**Exercise:** Restate word for word the lines below from the one that has "a living room" through the one that has "Primo piano della", keeping both and dropping all pictures.

** Source records follows **

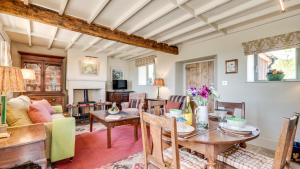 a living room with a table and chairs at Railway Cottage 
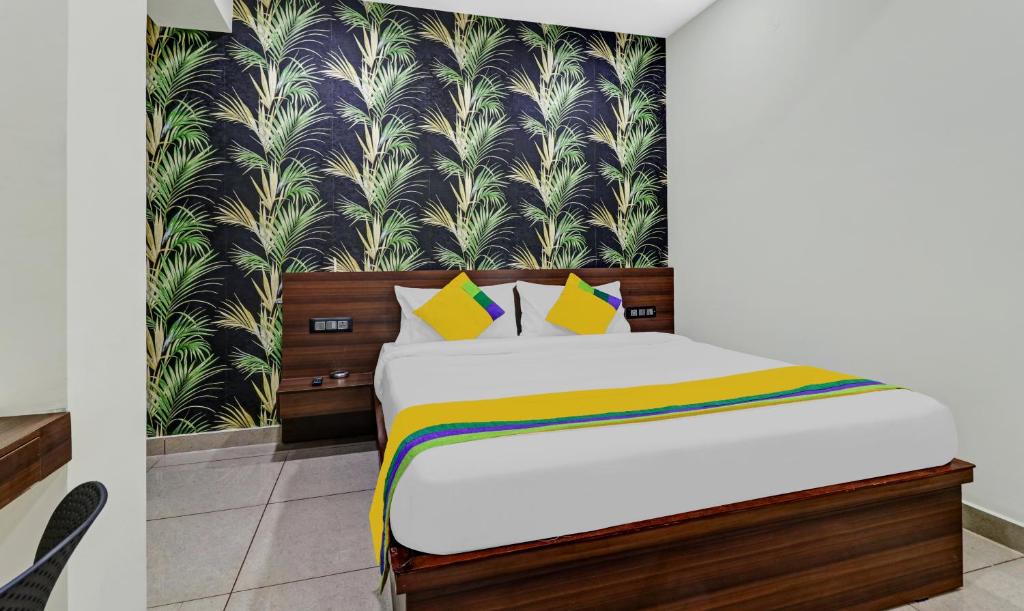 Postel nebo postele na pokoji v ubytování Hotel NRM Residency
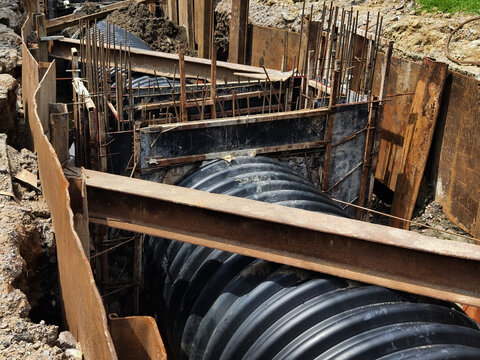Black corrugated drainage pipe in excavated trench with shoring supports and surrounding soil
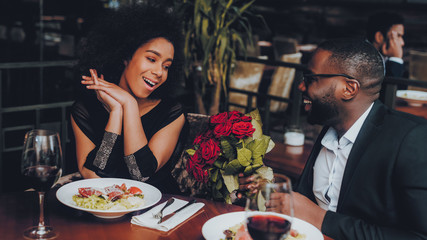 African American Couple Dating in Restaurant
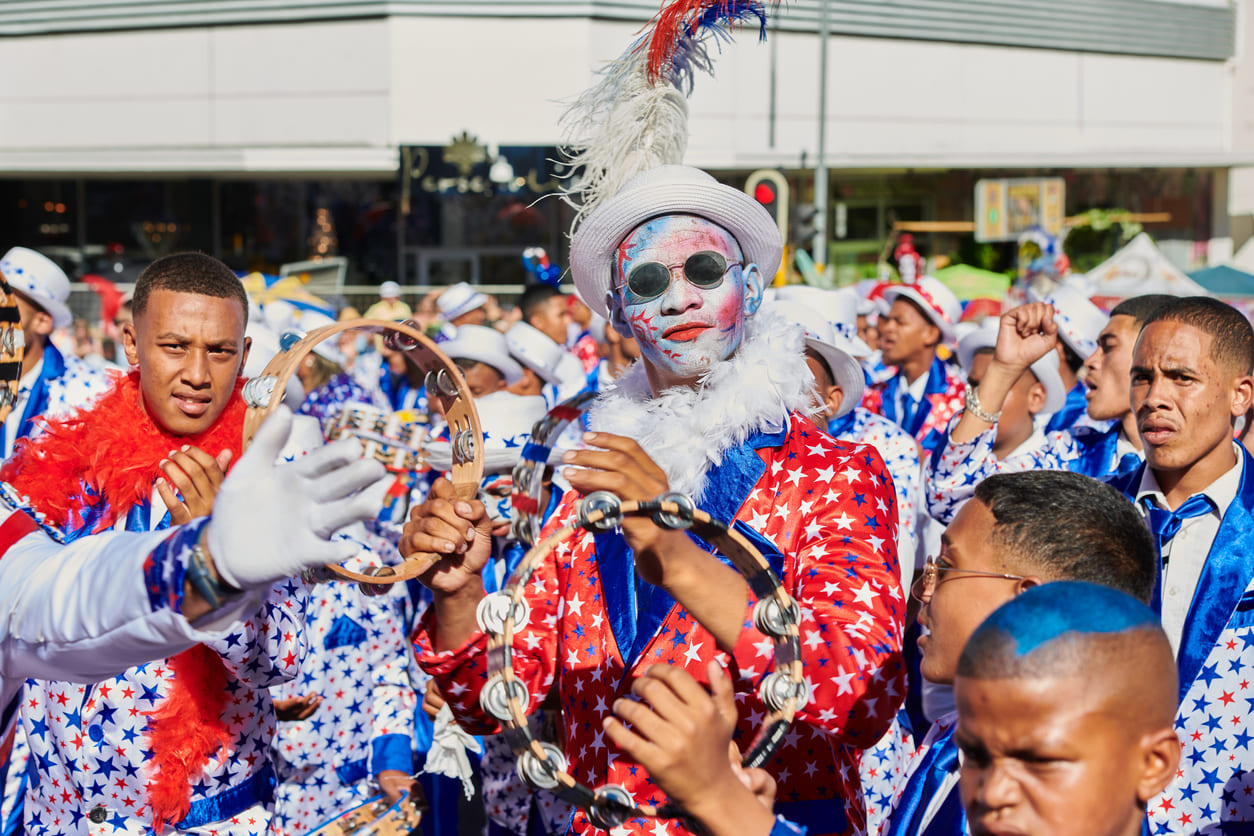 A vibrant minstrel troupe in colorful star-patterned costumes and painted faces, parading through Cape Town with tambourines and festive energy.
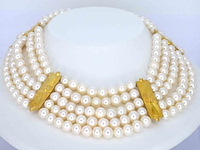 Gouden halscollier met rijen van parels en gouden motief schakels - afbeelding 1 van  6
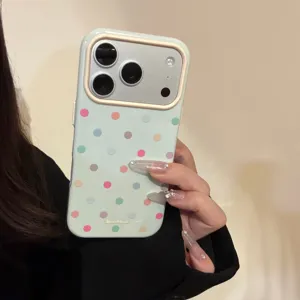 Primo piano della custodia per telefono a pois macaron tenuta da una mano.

** End of Source records **
** Source records follows **

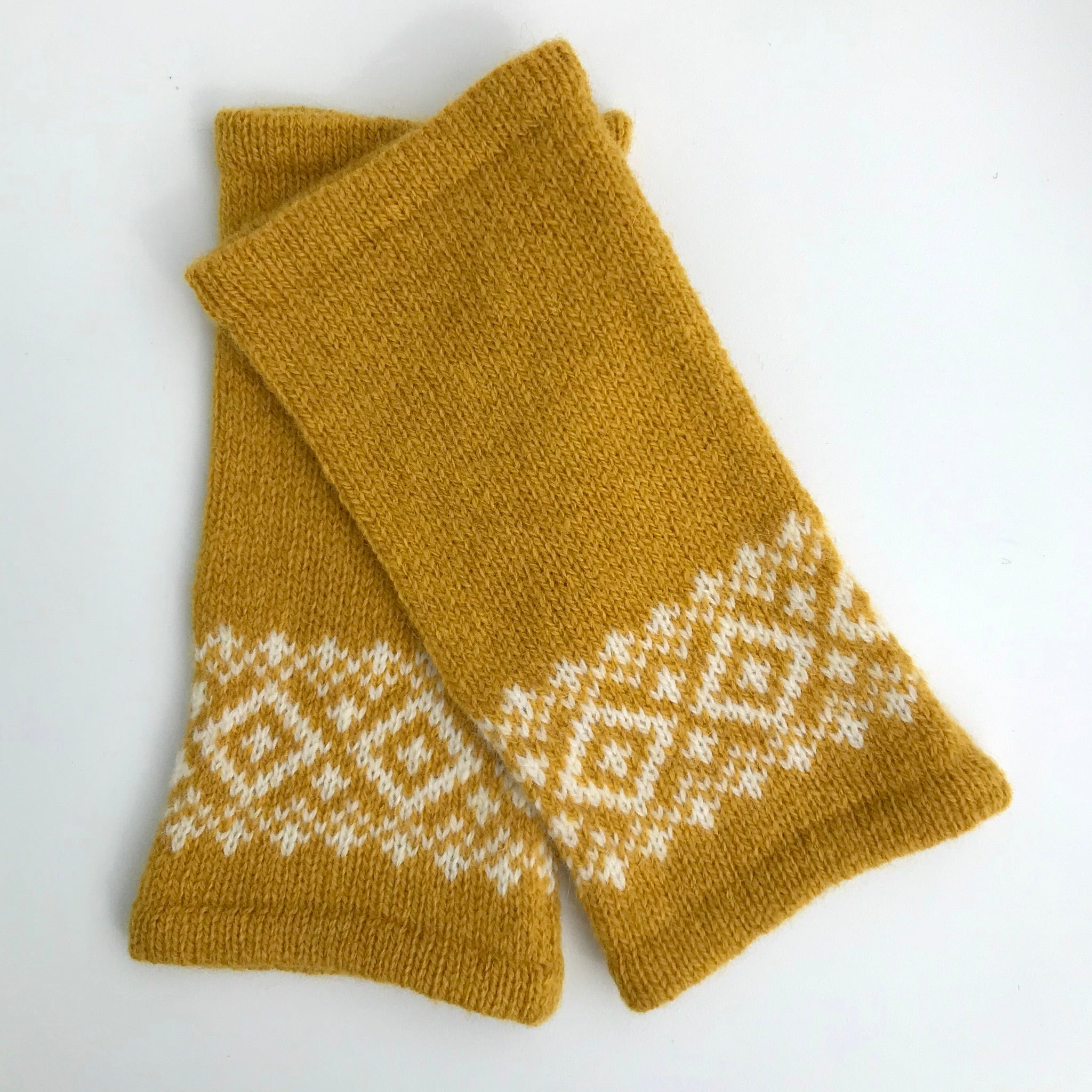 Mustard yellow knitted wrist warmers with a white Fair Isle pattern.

** End of Source records **

**Task response:**
 a living room with a table and chairs at Railway Cottage 
 Postel nebo postele na pokoji v ubytování Hotel NRM Residency
Black corrugated drainage pipe in excavated trench with shoring supports and surrounding soil
 African American Couple Dating in Restaurant
 A vibrant minstrel troupe in colorful star-patterned costumes and painted faces, parading through Cape Town with tambourines and festive energy.
 Gouden halscollier met rijen van parels en gouden motief schakels - afbeelding 1 van  6
 Primo piano della custodia per telefono a pois macaron tenuta da una mano.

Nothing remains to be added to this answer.